My husband and I tied the knot almost four years ago. We grew up together, had the same friends, did the same things and even started college at the same university. Our relationship wasn’t always easy but we took each wave of emotion and each change in course one step at a time.
When he decided to quit college and enlist in the United States Coast Guard (USCG) I thought, ‘good for him.’ I have to admit I also thought, who would willingly sign up to go to basic training (aka boot camp)? my only “knowledge” of what occurred in a basic training type setting coming from the movies. After all, I never liked being yelled at by my own dad let alone a complete and intimidating stranger from the U.S. Military. Clearly my naïve self was only thinking about the short-term consequences and not realizing what an incredible commitment he was about to make. At any rate, it was his decision to enlist and I just assumed that his life was going to change. Change it did… and mine would, too.
He entered basic training in December 2007, and graduated in February 2008. That same year I graduated from Michigan State University and headed off into the world.

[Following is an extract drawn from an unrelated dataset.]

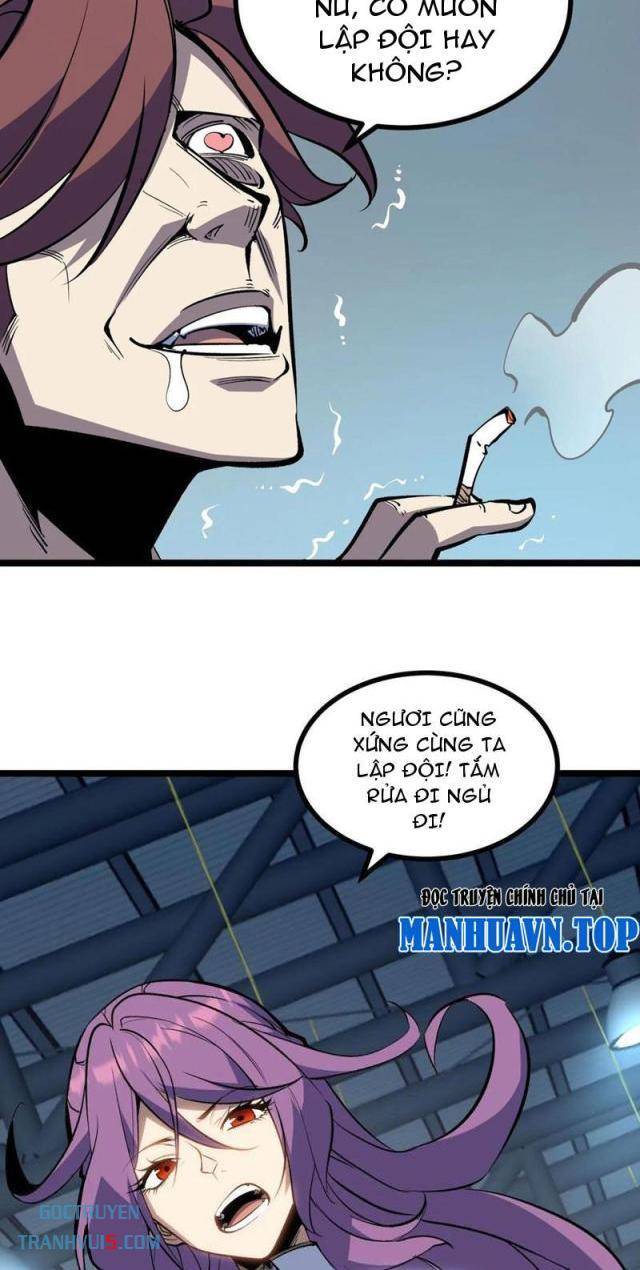 Ta Dựa Vào Nhặt Rác Trở Thành Vương Giả: Chapter 35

I quickly got a job first working in the commercial real estate industry but left two years later to take a job as a Federal Government Contractor. Shortly after I switched jobs I got engaged to my “Coastie.” When I said “Yes,” I not only said yes to one man, I said yes to the USCG. At that point in time I had no idea what life would be like married to the military.
From that day forward, I began learning. I have learned USCG terms and acronyms (there are sooo many, ugh!), I have learned to be flexible and to plan on not making plans, I have learned that dreams change and that’s okay, and the list goes on. Most importantly, I have learned that I’ll never stop learning. Every day is an adventure and being married to someone in the U.S. Military is not an easy task.
I hope the stories that I share with you along my journey will give insight to those readers who are not in the same boat as me and will build camaraderie with those who are.
I would like to make a special note to those families whose soldiers are overseas and to those who have lost loved ones- you are all brave, inspiring individuals and I in no way mean to compare your sacrifices with mine.